Reviewing the metadata, you can see things like the location where the image was taken, the make and model of the Android smartphone used to capture the image, the date and time when it was captured, and more. Two tags, containing the image description and the “artist,” were added manually. Depending on how you intend to use images, the metadata contained within the images may be important or useful to you. However, care must be taken when using our computer vision library, skimage, to write images.
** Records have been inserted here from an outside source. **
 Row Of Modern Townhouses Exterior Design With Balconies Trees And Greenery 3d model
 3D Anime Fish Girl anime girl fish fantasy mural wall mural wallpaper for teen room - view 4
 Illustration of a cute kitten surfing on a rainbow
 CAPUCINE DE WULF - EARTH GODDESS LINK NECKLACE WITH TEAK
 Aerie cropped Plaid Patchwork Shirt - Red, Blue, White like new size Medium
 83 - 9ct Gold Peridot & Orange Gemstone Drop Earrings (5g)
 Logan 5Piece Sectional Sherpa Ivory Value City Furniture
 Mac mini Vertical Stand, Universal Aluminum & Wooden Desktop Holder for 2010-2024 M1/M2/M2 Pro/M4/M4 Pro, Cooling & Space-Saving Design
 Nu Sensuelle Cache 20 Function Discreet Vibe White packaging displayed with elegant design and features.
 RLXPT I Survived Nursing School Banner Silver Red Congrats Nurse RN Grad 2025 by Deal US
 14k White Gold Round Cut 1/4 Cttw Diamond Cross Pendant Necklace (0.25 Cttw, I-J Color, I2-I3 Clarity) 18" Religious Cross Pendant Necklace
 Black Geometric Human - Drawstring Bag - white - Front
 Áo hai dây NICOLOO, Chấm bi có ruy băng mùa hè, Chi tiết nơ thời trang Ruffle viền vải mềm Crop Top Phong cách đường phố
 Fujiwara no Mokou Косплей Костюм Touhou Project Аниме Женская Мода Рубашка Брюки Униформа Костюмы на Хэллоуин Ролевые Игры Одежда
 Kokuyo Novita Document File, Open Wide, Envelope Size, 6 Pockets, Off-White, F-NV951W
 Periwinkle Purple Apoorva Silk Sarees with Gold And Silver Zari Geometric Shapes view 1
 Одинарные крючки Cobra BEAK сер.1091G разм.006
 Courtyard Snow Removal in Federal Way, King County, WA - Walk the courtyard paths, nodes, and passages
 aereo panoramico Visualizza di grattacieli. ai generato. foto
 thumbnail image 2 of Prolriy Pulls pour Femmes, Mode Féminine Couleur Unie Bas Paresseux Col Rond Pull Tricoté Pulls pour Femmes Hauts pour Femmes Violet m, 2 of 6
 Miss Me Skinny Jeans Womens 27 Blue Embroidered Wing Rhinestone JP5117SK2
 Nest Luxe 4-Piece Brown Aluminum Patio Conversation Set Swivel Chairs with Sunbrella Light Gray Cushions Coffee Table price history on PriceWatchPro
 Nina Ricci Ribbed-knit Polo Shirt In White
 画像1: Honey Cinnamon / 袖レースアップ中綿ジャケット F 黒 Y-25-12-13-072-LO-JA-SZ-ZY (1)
We will examine metadata a little more closely in the skimage Images episode.

Summary of image formats

The following table summarizes the characteristics of the BMP, JPEG, and TIFF image formats:

Format Compression Metadata Advantages Disadvantages
BMP None None Universally viewable, Large file sizes
      high quality  
JPEG Lossy Yes Universally viewable, Detail may be lost
      smaller file size  
TIFF None, lossy, Yes High quality or Not universally viewable
  or lossless   smaller file size  

Key Points

  • Digital images are represented as rectangular arrays of square pixels.

  • Digital images use a left-hand coordinate system, with the origin in the upper left corner, the x-axis running to the right, and the y-axis running down.

  • Most frequently, digital images use an additive RGB model, with eight bits for the red, green, and blue channels.

  • Lossless compression retains all the details in an image, but lossy compression results in loss of some of the original image detail.

  • BMP images are uncompressed, meaning they have high quality but also that their file sizes are large.

  • JPEG images use lossy compression, meaning that their file sizes are smaller, but image quality may suffer.

  • TIFF images can be uncompressed or compressed with lossy or lossless compression.

  • Depending on the camera or sensor, various useful pieces of information may be stored in an image file, in the image metadata.